● Exercise instructions: Restate word for word the opening line of the data below and every line after it until the line with "3'4x4'9 Hand Knotted", that line too, but not the pictures.

* * *

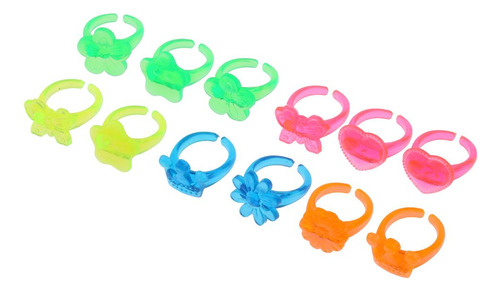 12 Piezas De Color Mezclado Niños Anillos De Plástico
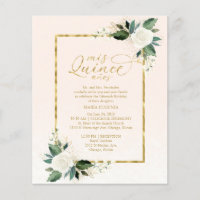 Budget Quinceanera Invitation Bilingual Pink Gold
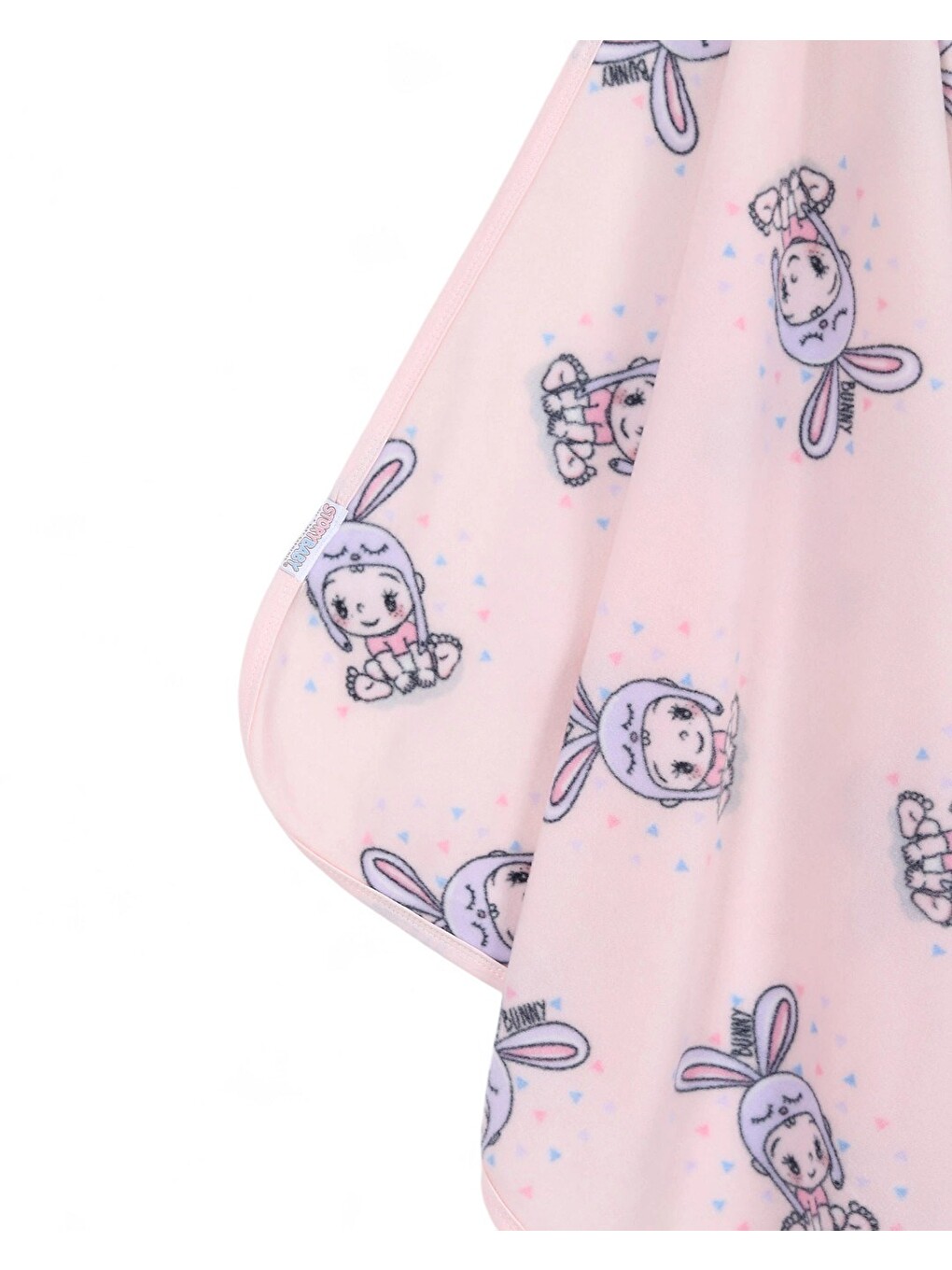 Pembe Bebek Baskılı Polar Bebek Battaniye (en:77cm Boy:87 Cm)-2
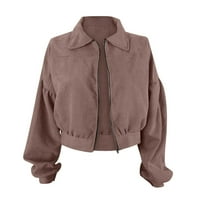 Eczipvz jakne za žene Ženske modne Corduroy revel Solid Boja s dugim rukavima obrezana jakna Zip kaput
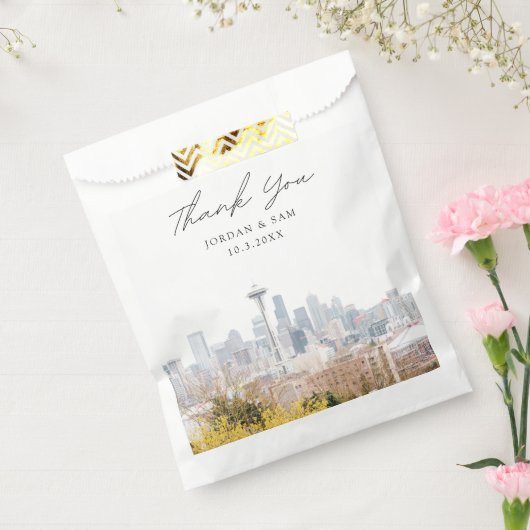 Seattle bruiloft gepersonaliseerde foto bedankzakje (Gezegeld)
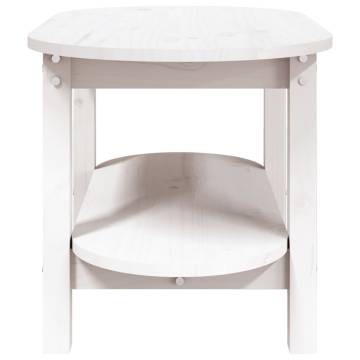 Elegant White Coffee Table - Solid Pine 80x45 cm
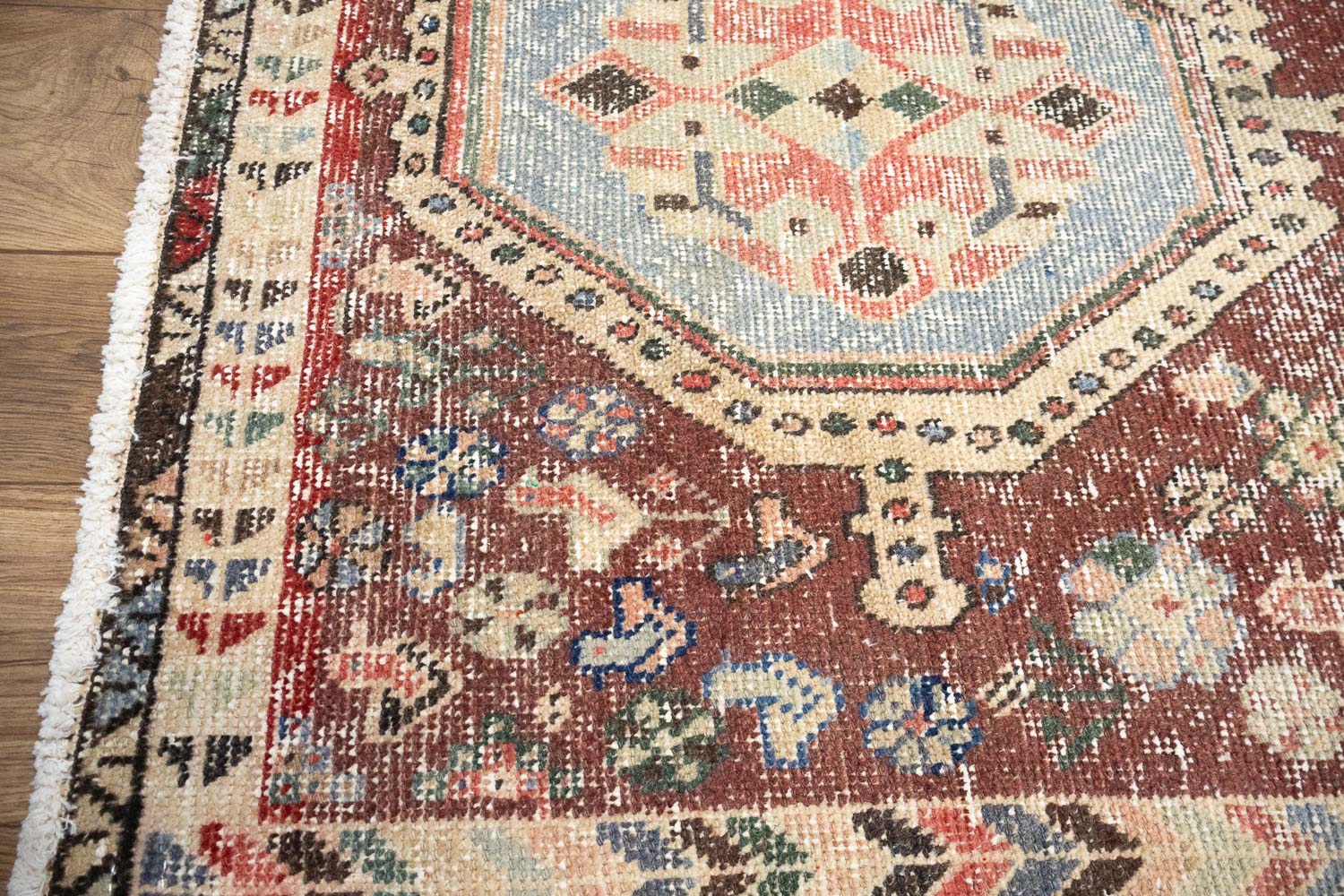 3'4x4'9 Hand Knotted Pictorial Tribal Oriental Wool Rug - Image 6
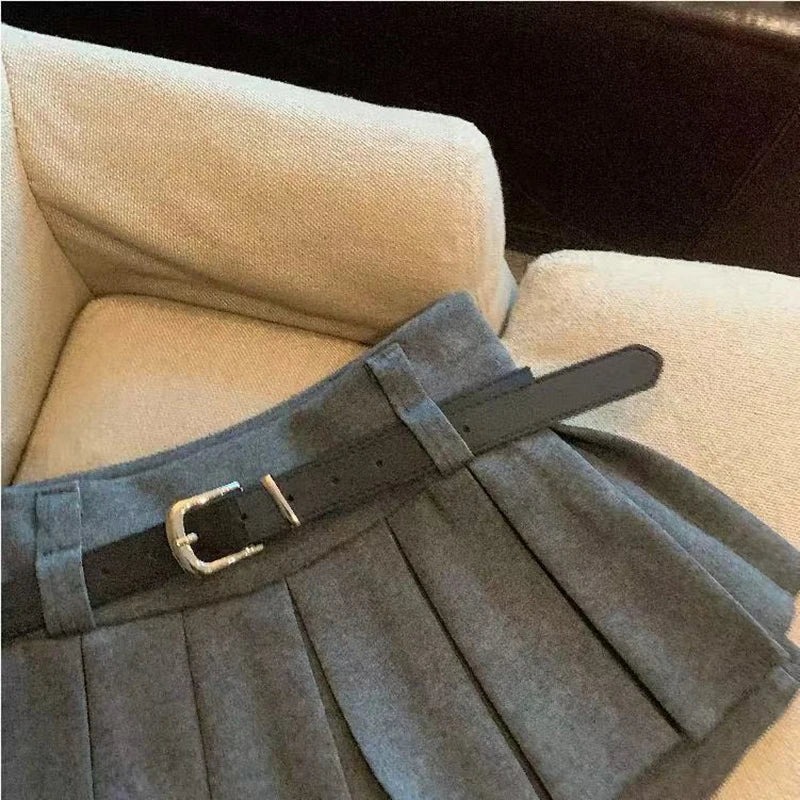 Y2K Preppy Women Pleated Skirts Fashion All Match with Belt Ladies Mini Skirts Korean High Waist Streetwear Casual A Line Skirts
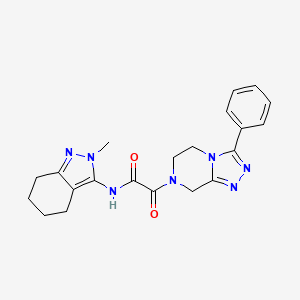 molecular formula C21H23N7O2 B7384388 N-(2-methyl-4,5,6,7-tetrahydroindazol-3-yl)-2-oxo-2-(3-phenyl-6,8-dihydro-5H-[1,2,4]triazolo[4,3-a]pyrazin-7-yl)acetamide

* * *

● Result:
 12 Piezas De Color Mezclado Niños Anillos De Plástico
 Budget Quinceanera Invitation Bilingual Pink Gold
 Pembe Bebek Baskılı Polar Bebek Battaniye (en:77cm Boy:87 Cm)-2
 Eczipvz jakne za žene Ženske modne Corduroy revel Solid Boja s dugim rukavima obrezana jakna Zip kaput
 Seattle bruiloft gepersonaliseerde foto bedankzakje (Gezegeld)
 Elegant White Coffee Table - Solid Pine 80x45 cm
 3'4x4'9 Hand Knotted Pictorial Tribal Oriental Wool Rug - Image 6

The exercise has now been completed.